I saw The Summer We Went West a few weeks ago in a very hot, very sweaty, basement that had some of the coolest painted walls ever. The band prank called my friend, bummed copious amounts of cigaretts off me, basically gave their merch table to me, and Erik gave me one of the sweatiest hugs ever. It was at this time I knew an interview had to be done.
Scene Point Blank: It's kind of remarkable that you guys all met, live together, and are able to play in three different types of bands. So what's the story behind the Summer We Went West, how did you guys meet and start making music?
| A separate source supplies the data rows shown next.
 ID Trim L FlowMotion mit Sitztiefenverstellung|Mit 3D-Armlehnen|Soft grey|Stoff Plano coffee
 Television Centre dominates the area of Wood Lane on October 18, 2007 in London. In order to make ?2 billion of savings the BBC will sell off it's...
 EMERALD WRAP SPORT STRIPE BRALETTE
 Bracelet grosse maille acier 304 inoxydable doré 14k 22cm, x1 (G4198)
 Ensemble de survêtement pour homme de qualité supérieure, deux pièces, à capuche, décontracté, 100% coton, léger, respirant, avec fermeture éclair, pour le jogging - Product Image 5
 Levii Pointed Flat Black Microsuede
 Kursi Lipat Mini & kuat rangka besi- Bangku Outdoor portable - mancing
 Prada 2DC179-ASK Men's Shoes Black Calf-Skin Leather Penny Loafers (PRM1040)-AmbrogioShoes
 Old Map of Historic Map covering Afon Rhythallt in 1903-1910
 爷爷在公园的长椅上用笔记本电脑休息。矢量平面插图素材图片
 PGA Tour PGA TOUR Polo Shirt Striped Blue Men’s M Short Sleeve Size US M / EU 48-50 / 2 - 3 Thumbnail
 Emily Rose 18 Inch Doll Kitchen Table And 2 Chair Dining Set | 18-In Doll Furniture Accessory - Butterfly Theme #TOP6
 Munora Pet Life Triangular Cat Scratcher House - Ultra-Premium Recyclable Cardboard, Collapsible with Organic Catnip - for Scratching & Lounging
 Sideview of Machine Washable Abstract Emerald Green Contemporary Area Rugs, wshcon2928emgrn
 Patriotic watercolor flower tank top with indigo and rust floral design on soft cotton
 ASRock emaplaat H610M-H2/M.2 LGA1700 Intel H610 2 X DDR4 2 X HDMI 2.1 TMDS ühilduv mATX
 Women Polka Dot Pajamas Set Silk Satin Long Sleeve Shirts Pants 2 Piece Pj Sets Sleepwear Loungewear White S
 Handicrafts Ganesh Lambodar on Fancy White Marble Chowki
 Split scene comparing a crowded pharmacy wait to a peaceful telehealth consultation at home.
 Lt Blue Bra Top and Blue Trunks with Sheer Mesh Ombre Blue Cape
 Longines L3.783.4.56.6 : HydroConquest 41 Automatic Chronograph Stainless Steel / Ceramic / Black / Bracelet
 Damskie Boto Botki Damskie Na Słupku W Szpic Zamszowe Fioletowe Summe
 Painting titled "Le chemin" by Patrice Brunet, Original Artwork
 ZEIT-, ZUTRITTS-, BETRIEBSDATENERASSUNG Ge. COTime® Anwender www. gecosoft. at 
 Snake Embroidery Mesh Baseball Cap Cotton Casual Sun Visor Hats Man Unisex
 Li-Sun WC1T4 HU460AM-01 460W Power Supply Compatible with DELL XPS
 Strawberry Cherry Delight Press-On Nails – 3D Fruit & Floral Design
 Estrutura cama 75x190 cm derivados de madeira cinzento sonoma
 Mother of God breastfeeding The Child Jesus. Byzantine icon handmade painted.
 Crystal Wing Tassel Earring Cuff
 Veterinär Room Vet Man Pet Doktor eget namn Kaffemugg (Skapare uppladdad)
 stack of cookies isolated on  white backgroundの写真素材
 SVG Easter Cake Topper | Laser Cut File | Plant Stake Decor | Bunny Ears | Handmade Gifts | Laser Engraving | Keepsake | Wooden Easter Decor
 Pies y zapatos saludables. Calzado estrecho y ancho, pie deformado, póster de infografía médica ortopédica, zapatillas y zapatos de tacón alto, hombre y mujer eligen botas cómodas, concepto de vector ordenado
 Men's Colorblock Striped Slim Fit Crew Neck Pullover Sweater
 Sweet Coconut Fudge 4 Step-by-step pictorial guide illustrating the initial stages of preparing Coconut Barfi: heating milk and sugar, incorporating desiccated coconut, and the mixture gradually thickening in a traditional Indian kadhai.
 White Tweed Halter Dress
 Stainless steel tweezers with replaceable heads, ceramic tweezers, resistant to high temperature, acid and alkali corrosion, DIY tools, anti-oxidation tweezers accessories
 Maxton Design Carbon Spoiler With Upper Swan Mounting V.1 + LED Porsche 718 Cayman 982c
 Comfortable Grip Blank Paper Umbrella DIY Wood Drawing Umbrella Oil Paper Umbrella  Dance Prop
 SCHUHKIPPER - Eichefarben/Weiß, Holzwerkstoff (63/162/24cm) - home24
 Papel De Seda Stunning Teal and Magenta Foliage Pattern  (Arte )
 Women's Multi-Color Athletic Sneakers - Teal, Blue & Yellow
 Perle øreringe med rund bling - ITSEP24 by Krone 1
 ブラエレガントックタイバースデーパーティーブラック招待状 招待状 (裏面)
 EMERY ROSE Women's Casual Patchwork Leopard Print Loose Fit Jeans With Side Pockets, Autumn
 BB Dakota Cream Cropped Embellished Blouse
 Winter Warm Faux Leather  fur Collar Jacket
Anton: We all lived in this suburb in Maryland called Columbia that had a surprisingly active music scene while we were all in high school there. That's how I met Jeremy, Erik and Al originally, though I only recognized them from shows I went to. When I went to school at the University of Maryland, I saw Erik at one of the dining halls and asked him if he wanted to play some music with me. We actually started as an acoustic duo, famed for our ridiculously drunk performances. Jeremy had seen me around campus and at shows at the University and started to come onto my radio show that I did at WMUC, and we started to become friends there. We all moved in together because Erik and I were at the WMUC recording studio one day and Jeremy called asking for roommates. Erik and I immediately agreed. The Summer We Went West as a full band came out of Erik and I drunkenly playing the guitar in our living room and Jeremy saying "lets take this party downstairs" which really meant "I'll play drums, you two idiots play the guitar." Al has known Jeremy for a really long time and hung out at our house all that year. It was only natural to ask Al to play bass because he was the only bass player we knew. Al lives with Jeremy and I now, and Erik moved to an apartment down the street but still sleeps on our couch more often than not.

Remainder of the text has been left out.